Documents can be scoped to entities (e.g., entity_id="acme") to keep different organizations' knowledge separate.
Quick Example
# Ingest a PDF
omega_ingest_document(path_or_url="/path/to/architecture.pdf", title="System Architecture")
# Ingest a webpage
omega_ingest_document(path_or_url="https://docs.example.com/api-reference")
# Search across all ingested documents
omega_search_documents(query="authentication flow", limit=5)
# List everything in the knowledge base
omega_list_documents()
Tools Reference
| Tool | Purpose |
|---|---|
omega_ingest_document | Ingest a document from a file path or URL. Supports title, source_type override, and entity_id for scoping. |
omega_search_documents | Semantic search across all ingested chunks.
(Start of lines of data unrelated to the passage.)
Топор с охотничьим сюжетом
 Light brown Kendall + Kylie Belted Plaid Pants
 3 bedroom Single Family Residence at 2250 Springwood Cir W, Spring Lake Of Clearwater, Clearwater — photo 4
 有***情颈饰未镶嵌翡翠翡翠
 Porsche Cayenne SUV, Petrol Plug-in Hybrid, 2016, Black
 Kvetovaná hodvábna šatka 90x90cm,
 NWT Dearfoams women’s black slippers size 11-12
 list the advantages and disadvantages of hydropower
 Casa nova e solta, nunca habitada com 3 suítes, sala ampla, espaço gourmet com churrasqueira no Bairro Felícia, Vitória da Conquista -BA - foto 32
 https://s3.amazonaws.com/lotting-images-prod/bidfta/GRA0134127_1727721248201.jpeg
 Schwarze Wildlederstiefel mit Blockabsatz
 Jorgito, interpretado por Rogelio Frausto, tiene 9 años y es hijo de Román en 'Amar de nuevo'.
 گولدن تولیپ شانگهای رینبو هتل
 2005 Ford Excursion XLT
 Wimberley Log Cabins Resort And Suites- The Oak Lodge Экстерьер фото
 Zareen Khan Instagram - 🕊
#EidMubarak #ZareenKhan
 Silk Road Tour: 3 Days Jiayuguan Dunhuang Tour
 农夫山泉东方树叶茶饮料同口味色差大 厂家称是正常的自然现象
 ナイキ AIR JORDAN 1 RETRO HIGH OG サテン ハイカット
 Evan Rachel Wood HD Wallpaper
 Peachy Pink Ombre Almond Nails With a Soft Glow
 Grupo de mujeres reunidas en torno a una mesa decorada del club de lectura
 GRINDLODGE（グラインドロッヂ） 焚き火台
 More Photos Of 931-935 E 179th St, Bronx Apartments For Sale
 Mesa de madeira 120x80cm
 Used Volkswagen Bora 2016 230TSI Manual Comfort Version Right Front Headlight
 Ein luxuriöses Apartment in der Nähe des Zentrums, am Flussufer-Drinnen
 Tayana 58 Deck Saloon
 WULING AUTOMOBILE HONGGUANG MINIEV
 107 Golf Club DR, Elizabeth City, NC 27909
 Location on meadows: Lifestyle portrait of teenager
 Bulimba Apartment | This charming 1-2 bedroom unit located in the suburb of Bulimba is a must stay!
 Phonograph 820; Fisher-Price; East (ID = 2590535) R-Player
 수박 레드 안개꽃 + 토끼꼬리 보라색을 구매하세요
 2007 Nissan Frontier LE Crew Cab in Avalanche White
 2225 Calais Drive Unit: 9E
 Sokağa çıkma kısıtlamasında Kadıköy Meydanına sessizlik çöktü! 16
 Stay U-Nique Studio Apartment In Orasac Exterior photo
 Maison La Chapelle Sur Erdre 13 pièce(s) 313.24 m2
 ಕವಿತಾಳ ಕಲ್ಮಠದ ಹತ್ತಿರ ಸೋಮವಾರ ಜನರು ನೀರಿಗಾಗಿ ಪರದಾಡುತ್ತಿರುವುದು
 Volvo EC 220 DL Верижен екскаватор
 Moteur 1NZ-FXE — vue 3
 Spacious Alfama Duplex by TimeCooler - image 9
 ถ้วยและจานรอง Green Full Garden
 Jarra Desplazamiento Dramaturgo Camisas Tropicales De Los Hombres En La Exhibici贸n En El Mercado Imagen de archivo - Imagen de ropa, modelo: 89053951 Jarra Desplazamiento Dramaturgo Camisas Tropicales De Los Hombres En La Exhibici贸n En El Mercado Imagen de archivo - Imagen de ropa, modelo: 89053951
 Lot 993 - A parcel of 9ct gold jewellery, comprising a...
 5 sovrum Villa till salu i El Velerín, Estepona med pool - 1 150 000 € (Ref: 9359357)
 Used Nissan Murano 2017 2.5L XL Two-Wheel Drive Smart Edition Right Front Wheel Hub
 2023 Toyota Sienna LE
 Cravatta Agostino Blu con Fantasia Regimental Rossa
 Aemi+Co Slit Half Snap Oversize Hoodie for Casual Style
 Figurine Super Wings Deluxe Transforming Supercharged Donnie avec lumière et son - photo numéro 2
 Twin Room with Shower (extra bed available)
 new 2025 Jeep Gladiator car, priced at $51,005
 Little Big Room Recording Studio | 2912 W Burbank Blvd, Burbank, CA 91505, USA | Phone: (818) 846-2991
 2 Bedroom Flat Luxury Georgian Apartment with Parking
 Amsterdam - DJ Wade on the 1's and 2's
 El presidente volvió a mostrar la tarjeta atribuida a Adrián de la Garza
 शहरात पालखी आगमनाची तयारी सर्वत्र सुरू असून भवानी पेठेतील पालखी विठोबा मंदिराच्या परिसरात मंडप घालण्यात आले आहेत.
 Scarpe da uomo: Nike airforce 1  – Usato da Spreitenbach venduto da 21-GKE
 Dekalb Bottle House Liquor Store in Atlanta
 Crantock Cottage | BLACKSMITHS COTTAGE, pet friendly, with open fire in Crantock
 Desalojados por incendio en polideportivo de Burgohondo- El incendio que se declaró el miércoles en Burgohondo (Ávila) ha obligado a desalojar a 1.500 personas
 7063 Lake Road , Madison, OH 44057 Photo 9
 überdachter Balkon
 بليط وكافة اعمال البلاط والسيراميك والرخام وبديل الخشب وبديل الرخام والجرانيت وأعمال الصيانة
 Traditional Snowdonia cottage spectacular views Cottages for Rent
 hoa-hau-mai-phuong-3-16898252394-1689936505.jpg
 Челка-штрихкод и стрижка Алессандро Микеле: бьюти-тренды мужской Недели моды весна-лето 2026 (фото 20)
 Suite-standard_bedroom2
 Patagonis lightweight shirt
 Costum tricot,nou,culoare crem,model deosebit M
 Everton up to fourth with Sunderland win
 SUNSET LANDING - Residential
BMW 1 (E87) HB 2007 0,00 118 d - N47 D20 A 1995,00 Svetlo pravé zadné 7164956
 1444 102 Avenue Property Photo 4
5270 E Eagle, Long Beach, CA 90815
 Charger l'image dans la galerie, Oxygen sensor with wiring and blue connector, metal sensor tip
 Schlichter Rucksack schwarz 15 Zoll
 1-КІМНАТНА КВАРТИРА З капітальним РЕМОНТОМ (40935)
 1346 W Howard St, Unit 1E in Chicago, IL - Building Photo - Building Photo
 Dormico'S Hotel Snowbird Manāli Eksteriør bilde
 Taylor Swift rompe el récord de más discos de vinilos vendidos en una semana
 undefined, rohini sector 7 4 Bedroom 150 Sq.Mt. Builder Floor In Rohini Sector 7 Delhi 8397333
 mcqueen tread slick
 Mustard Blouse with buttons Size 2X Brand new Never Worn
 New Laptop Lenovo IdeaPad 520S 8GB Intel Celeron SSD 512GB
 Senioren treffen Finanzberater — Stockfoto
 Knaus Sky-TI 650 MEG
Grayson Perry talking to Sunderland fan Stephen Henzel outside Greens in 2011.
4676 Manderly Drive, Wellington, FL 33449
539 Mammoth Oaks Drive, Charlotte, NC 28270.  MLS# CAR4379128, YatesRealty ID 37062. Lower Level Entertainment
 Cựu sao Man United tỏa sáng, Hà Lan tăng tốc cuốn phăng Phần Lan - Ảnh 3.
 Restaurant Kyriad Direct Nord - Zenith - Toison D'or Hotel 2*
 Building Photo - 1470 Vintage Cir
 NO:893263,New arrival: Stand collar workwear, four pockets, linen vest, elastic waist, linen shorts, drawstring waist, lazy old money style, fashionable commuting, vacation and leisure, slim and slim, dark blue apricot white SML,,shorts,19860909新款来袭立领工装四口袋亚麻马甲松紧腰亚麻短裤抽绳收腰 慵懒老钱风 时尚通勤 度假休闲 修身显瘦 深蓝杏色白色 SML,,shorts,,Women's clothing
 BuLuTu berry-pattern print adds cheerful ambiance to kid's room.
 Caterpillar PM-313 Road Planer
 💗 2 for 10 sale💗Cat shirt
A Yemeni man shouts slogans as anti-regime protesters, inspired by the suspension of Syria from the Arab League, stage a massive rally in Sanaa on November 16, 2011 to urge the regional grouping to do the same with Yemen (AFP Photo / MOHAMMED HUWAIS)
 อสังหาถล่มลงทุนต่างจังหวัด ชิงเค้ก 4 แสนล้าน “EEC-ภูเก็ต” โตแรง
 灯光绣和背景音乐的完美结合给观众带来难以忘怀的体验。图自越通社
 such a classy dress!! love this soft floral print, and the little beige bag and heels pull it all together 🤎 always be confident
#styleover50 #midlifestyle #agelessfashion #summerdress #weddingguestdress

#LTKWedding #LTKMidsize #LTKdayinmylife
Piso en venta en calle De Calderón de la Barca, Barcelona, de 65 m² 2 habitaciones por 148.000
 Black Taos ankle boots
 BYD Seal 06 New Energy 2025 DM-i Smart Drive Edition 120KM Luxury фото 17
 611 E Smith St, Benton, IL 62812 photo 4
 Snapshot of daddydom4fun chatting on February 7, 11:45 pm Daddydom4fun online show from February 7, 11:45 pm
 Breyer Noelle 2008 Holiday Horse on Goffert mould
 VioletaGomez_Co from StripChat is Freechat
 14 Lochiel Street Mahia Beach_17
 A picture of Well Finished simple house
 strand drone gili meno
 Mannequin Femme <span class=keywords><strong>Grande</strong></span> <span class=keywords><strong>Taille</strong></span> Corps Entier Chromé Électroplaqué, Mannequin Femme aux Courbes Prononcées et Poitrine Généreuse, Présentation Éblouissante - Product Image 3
Filter by entity_id, source_type, and limit. |
omega_list_documents | List all documents in the knowledge base with chunk counts and metadata |
omega_remove_document | Remove a document and all its chunks/embeddings by source path |
omega_scan_documents | Scan a directory (default ~/.omega/documents/) for new or changed files and auto-ingest. Checksum-based --- only re-ingests modified files. |
omega_sync_kb | Sync pending files from the cloud knowledge base queue (Supabase uploads via web app) into the local knowledge base. |
Supported Formats
| Format | Source Type | Notes |
|---|---|---|
pdf | Docling (primary, native markdown output) with pdfplumber fallback | |
| Markdown | markdown | .md files |
| HTML | webpage | Web URLs and .html files |
| Plain text | text | .txt files |
| CSV | text | Ingested as text |
| JSON | text | Ingested as text |
Source type is auto-detected from the file extension or URL. Override with the source_type parameter if needed.
Common Workflows
Ingest a Document
From a local file:
omega_ingest_document(path_or_url="/Users/me/docs/api-spec.pdf", title="API Specification v2")
From a URL:
omega_ingest_document(path_or_url="https://docs.example.com/getting-started")
With entity scoping:
omega_ingest_document(path_or_url="/Users/me/docs/acme-contract.pdf", entity_id="acme", title="Acme Service Agreement")
Search Documents
Basic search:
omega_search_documents(query="rate limiting configuration")
Filtered by entity:
omega_search_documents(query="billing terms", entity_id="acme", limit=3)
Filtered by source type:
omega_search_documents(query="deployment steps", source_type="pdf")
Auto-Scan a Directory
Place files in ~/.omega/documents/ (or any directory), then scan:
omega_scan_documents()
Or scan a custom directory:
omega_scan_documents(directory="/Users/me/Projects/myapp/docs")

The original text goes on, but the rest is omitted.